In addition to these problems in viewing fifteenth-century mosque complexes in their entirety, a further complication is the fact that roads often cut viewpoints, and make access difficult. An example of this is the Has Murad Pasha Mosque (1465–71) in the Aksaray neighborhood, enclosed by highways and tramway lines (Figure 24), so that even taking a good view of the monument becomes a challenge. 

February-2016_Figure-24
Figure 24: Has Murad Pasha Mosque, view (P. Blessing)

While these mosque complexes were important parts of the construction of Constantinople-Istanbul as the Ottoman capital, this overview would not be complete without a glimpse at Topkapı Palace, founded by Mehmed II and inhabited until the late nineteenth century (Figure 25). The building complex and its transformation over the centuries have been studied by Gülru Necipoğlu. Here, I would like to present the so-called Çinili Köşk (Tiled Pavilion), built in 1472 (Figure 26).
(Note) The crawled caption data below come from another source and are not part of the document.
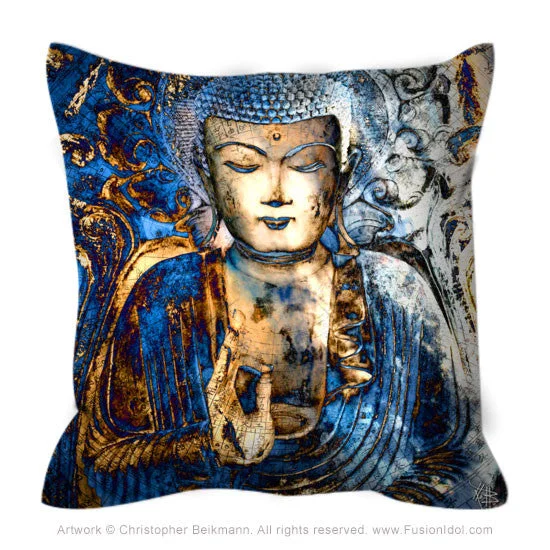 Blue Buddha Throw Pillow - Inner Guidance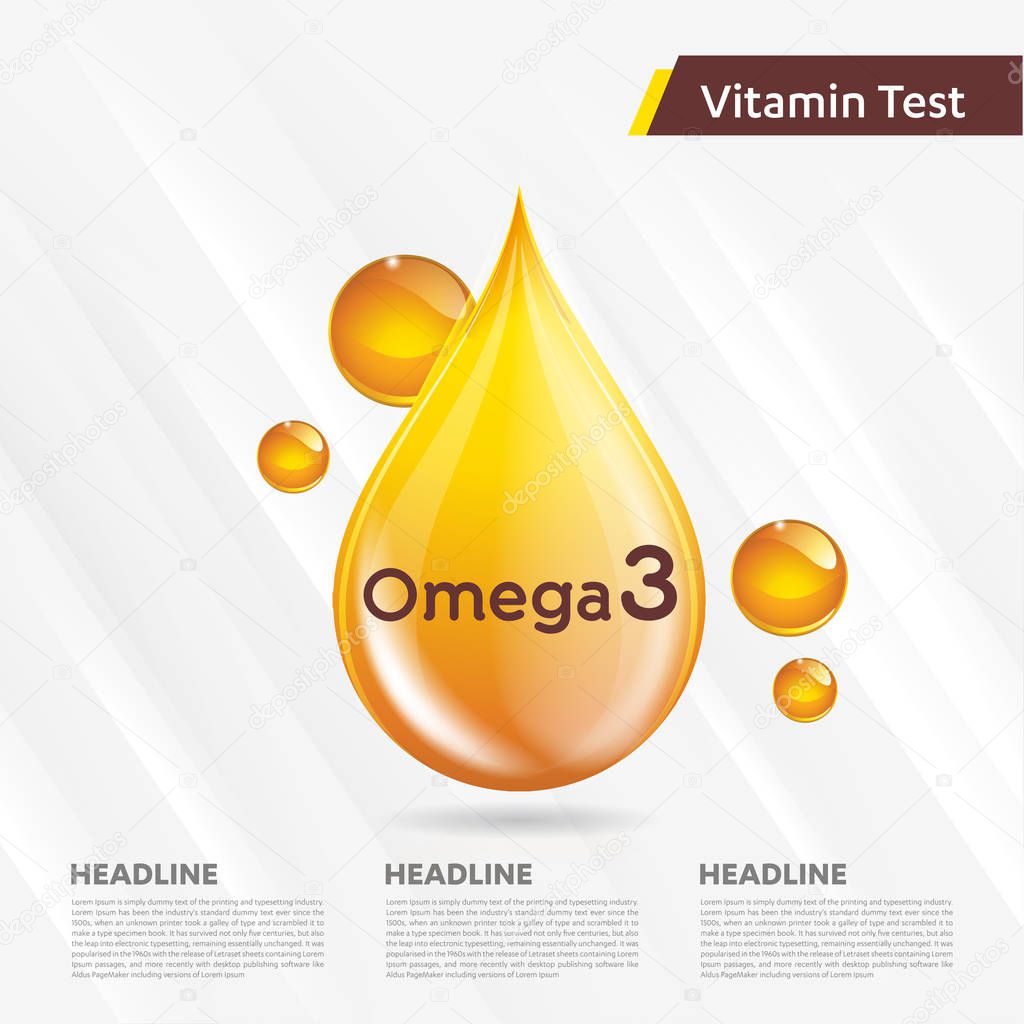 Omega3  icon collection Vector illustration golden drop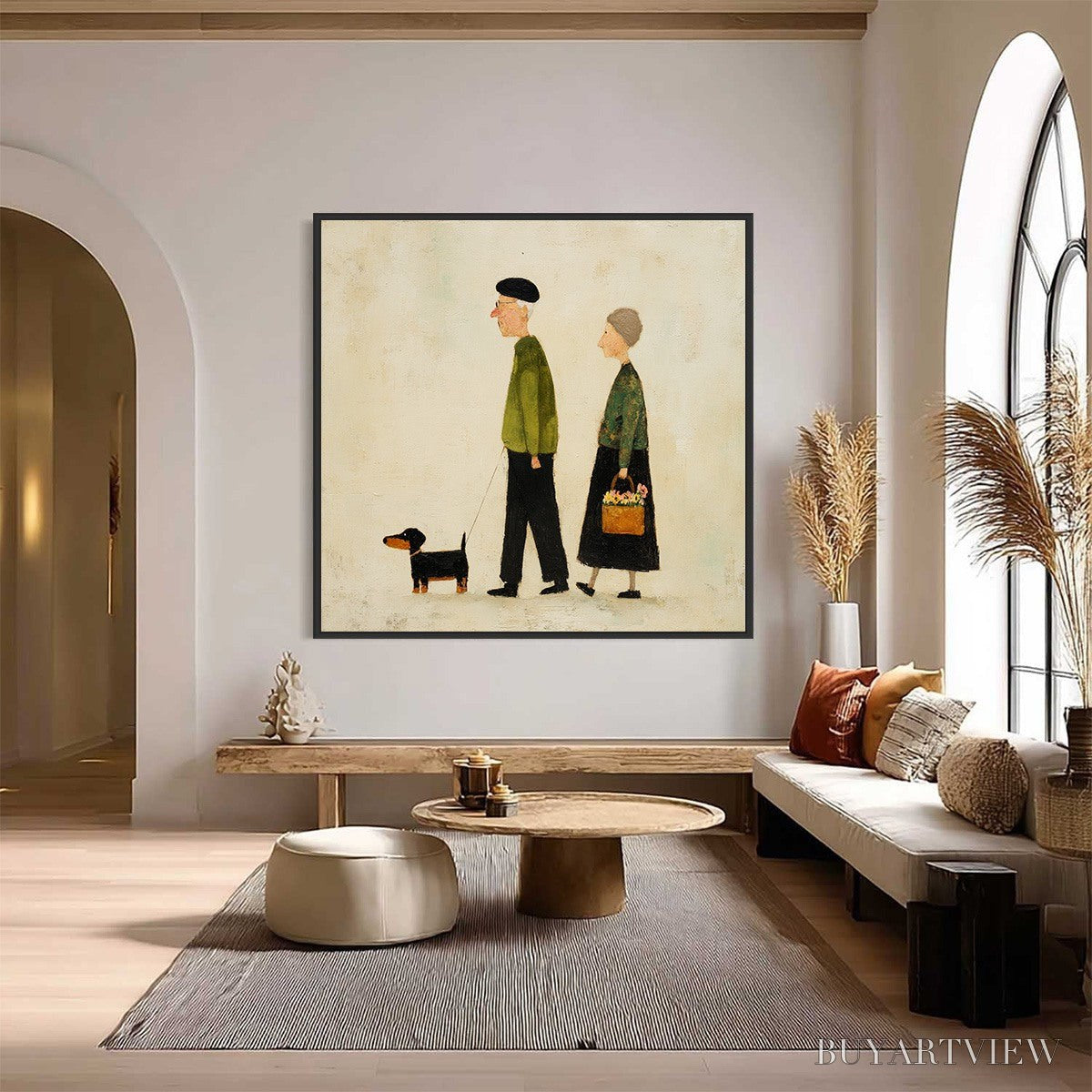 BUYARTVIEW A Lifetime'S Walk – Charming Figurative Art of an Elderly Couple and Their Dog - image 6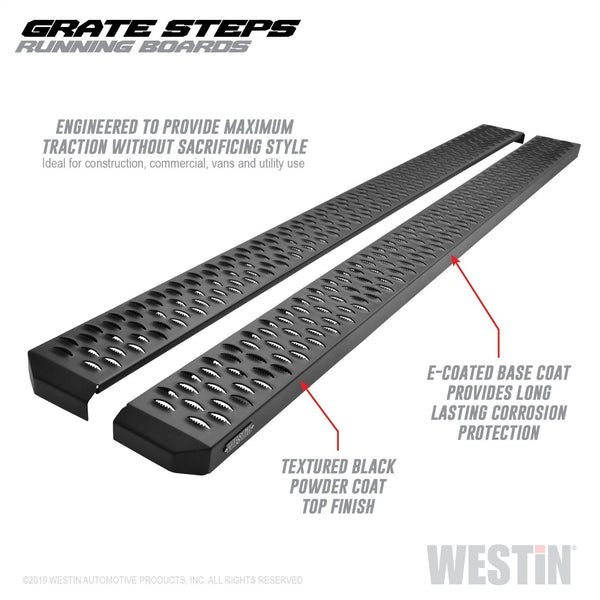 Grate Steps Running Boards-Textured Black Running Boards 86 inches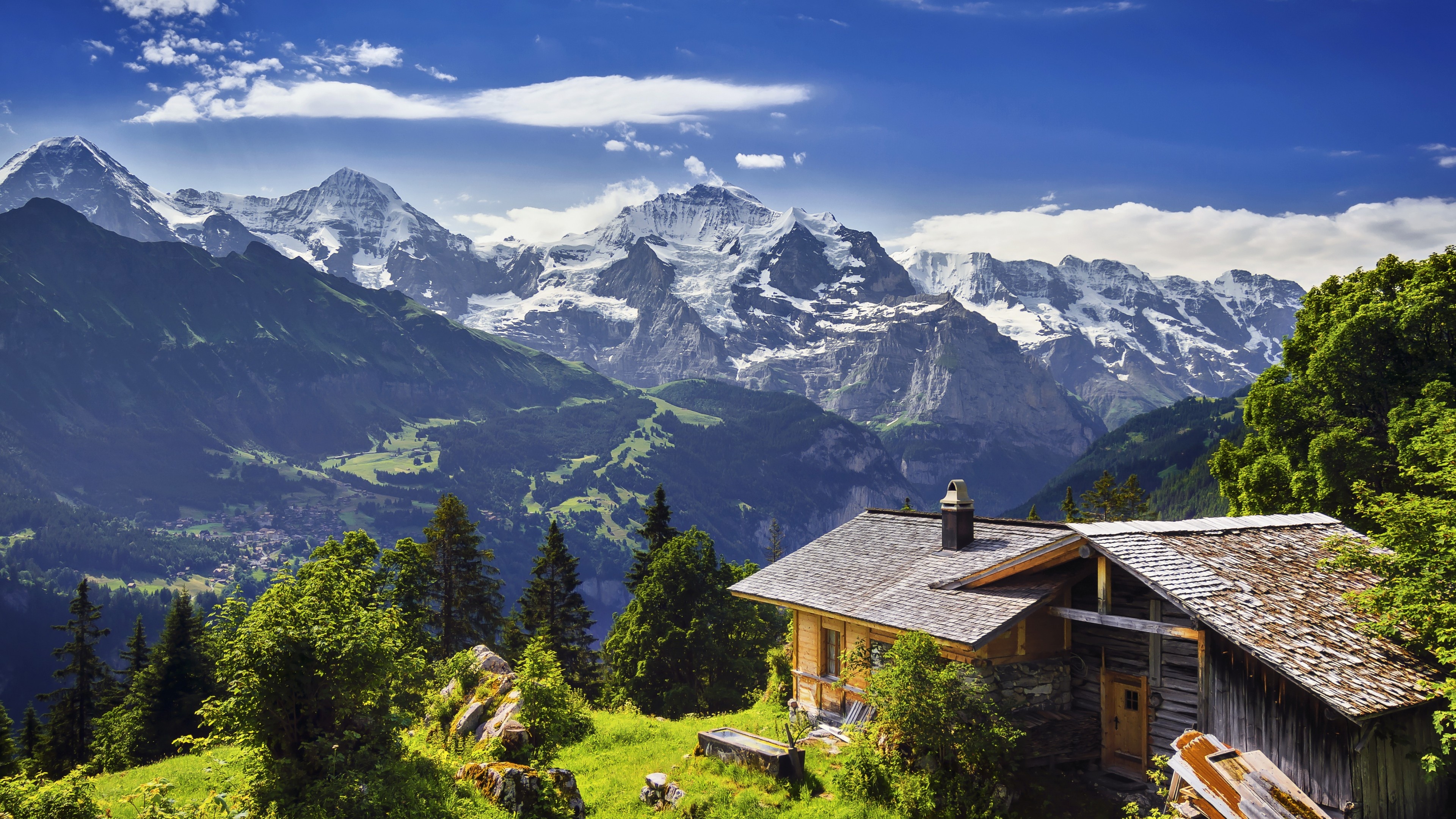 Switzerland 5k 4k wallpaper, Mountainous skyline, Nature's canvas, Heavenly abode, 3840x2160 4K Desktop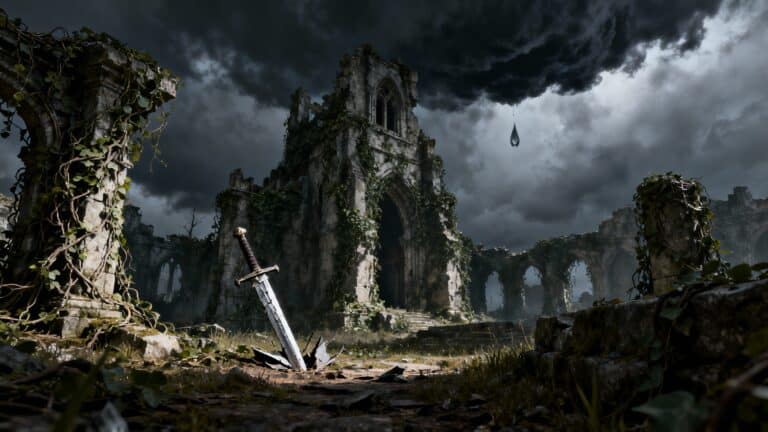 Ruines médiévales avec une épée plantée au sol.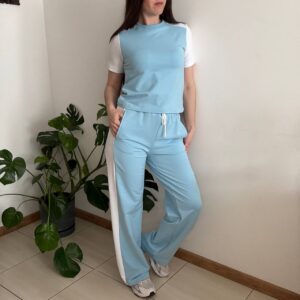 Turkusowy komplet sportowy damski z bawełny – wygodny dres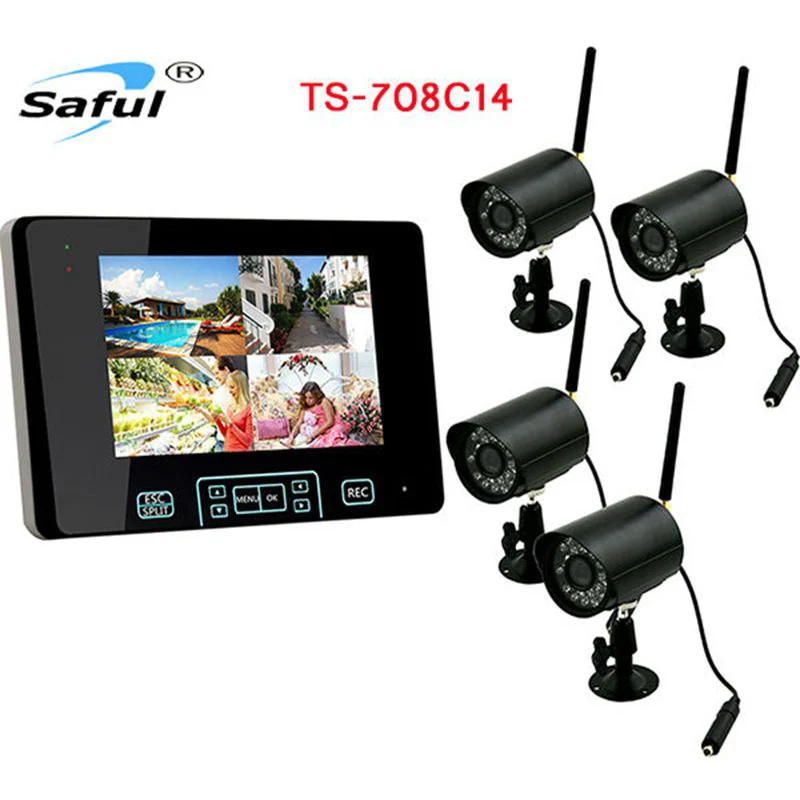 HD 2.4GHz Wireless touch key 4 Channel Quad CCTV Security System 4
Nowadays separated from the premises of the palace by the Archaeological Museum (Figure 27), it is an example of the fifteenth-century negotiation between varied influences in Ottoman architecture. The tile-work (Figures 28 and 29), made by tile-makers from Khurasan, points to Timurid architecture, yet in the overall effect is quite different from that of the supposed models in Central Asia, in part also because of the use of cut marble combined with the tiles. I will further explore this question in March, when discussing early Ottoman architecture elsewhere in Turkey. 

February-2016_Figure-25
Figure 25: Topkapı Palace, view from the Bosphorus (P. Blessing)

February-2016_Figure-26
Figure 26: Çinili Köşk (Tiled Pavilion), view, June 2014 (P. Blessing)

February-2016_Figure-27
Figure 27: Istanbul Archaeological Museum, view, June 2014 (P. Blessing) 

February-2016_Figure-28
February-2016_Figure-29
Figures 28 and 29: Çinili Köşk (Tiled Pavilion), detail of exterior tile and marble decoration (P. Blessing)



Bibliography:

 Çiğdem Kafescioğlu, Constantinopolis/ Istanbul: Cultural encounter, imperial vision, and the construction of the Ottoman capital, University Park, PA: Pennsylvania State University Press, 2009.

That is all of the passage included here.